TASK DIRECTIONS: Set down the data below from its first line to the line holding "Beige - Long", inclusive; omit all pictures.

■ ■ ■ ■ ■ ■ ■

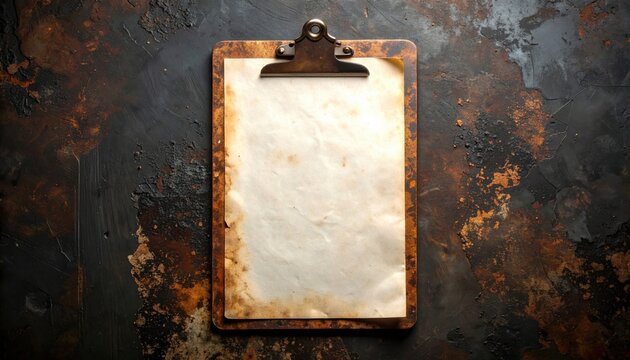 An ancient wooden door with a vintage metal frame stands against a grunge brown wall texture featuring aged paper borders and a blank antique surface design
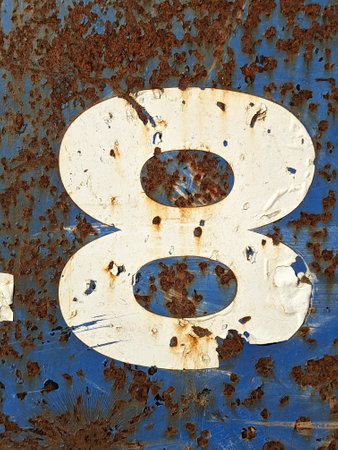 Written Wording in Distressed State Typography Found Number Eight 8 Ransom Noteの写真素材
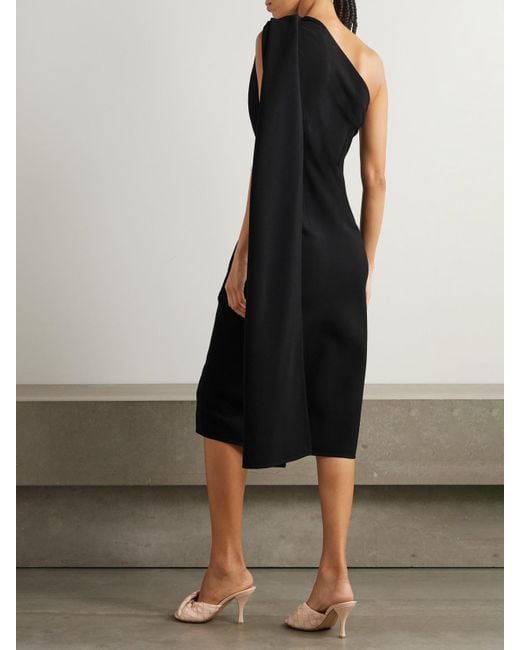 Bottega Veneta Black Cape-Effect Embellished One-Shoulder Crepe Midi Dress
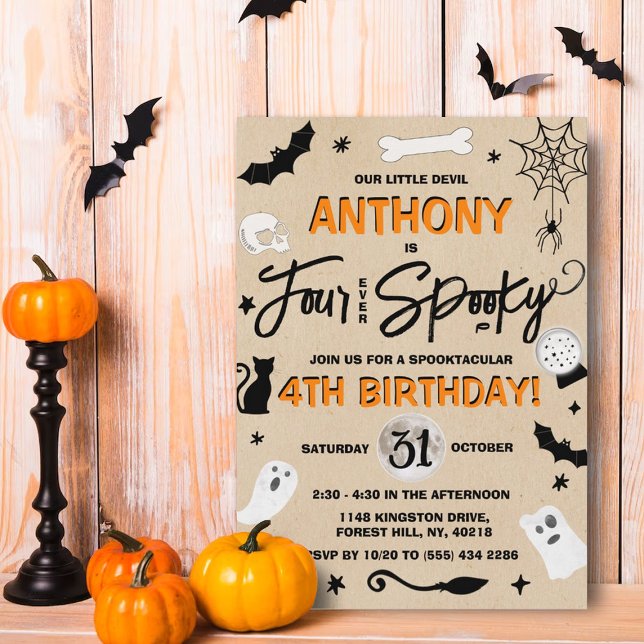 Invitación ¡Cuatro Siempre Tocados! Cuarto cumpleaños de Hall (Subido por el creador)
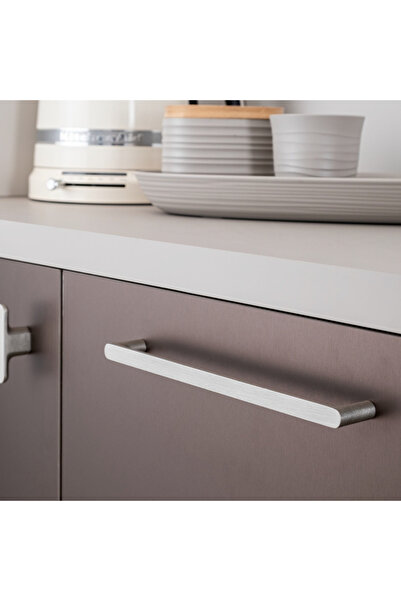 System 4730 Modern Düz Kulp Nikel Saten Renk 160 mm (iki delik arası mesafe)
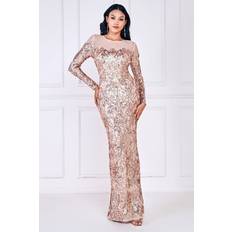 Beige - Long Dresses Goddiva Floral Sequin Mesh Maxi Champagne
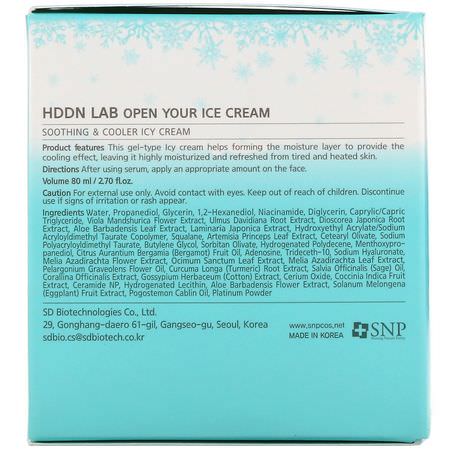 K-美容保濕霜, 乳霜: SNP, Hddn Lab, Open Your Ice Cream, 2.70 fl oz (80 ml)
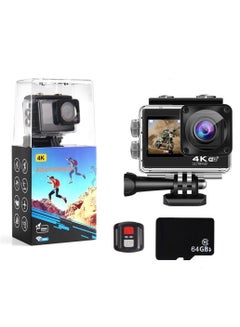 Buy 4K Action Camera, 20MP WiFi Waterproof Camera, EIS Touch Screen, PC Webcam, 170 Deg Wide Angle 30 Metres Underwater Camcorder with a 64GB SD-Card, Remote Control and Accessories in UAE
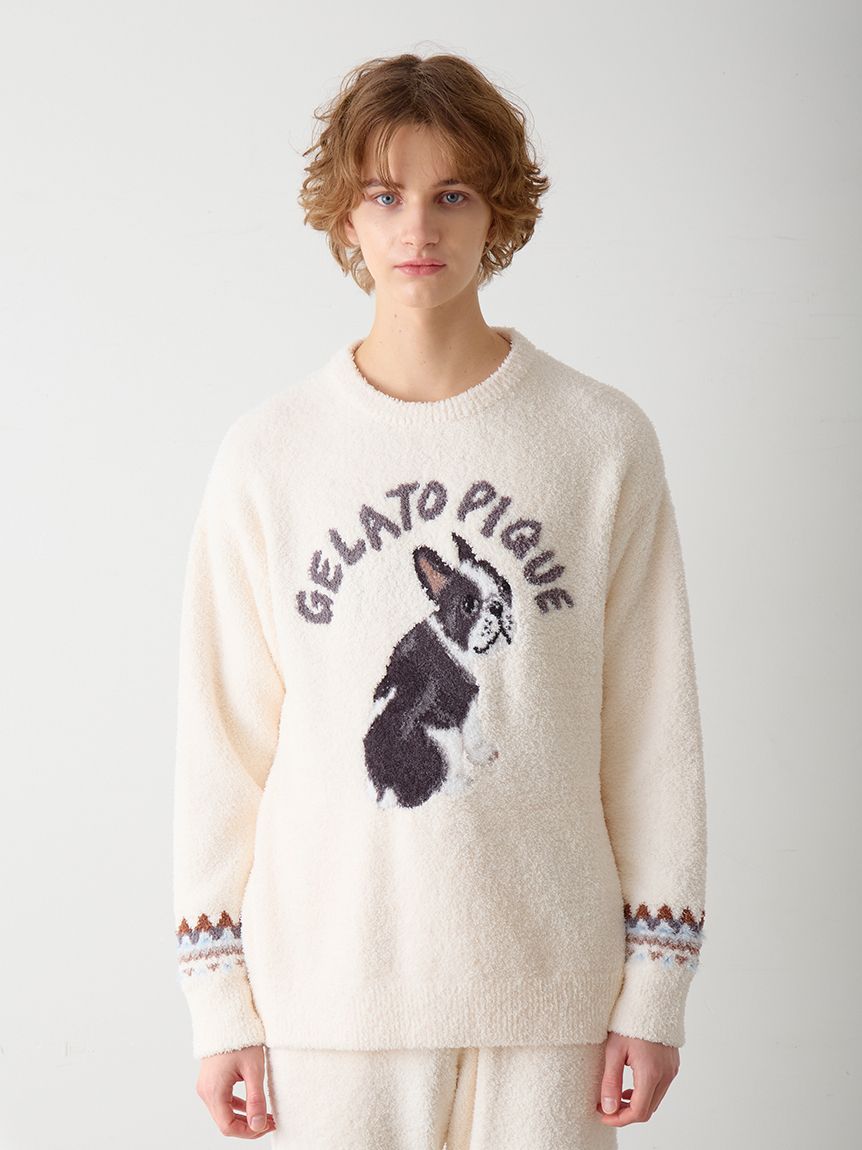 HOMME】パウダーDOGジャガードプルオーバー(ニットプルオーバー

■ ■ ■ ■ ■ ■ ■

EXERCISE ANSWER:
 An ancient wooden door with a vintage metal frame stands against a grunge brown wall texture featuring aged paper borders and a blank antique surface design
 Written Wording in Distressed State Typography Found Number Eight 8 Ransom Noteの写真素材
 Bottega Veneta Black Cape-Effect Embellished One-Shoulder Crepe Midi Dress
 Invitación ¡Cuatro Siempre Tocados! Cuarto cumpleaños de Hall (Subido por el creador)
 System 4730 Modern Düz Kulp Nikel Saten Renk 160 mm (iki delik arası mesafe)
 Beige - Long Dresses Goddiva Floral Sequin Mesh Maxi Champagne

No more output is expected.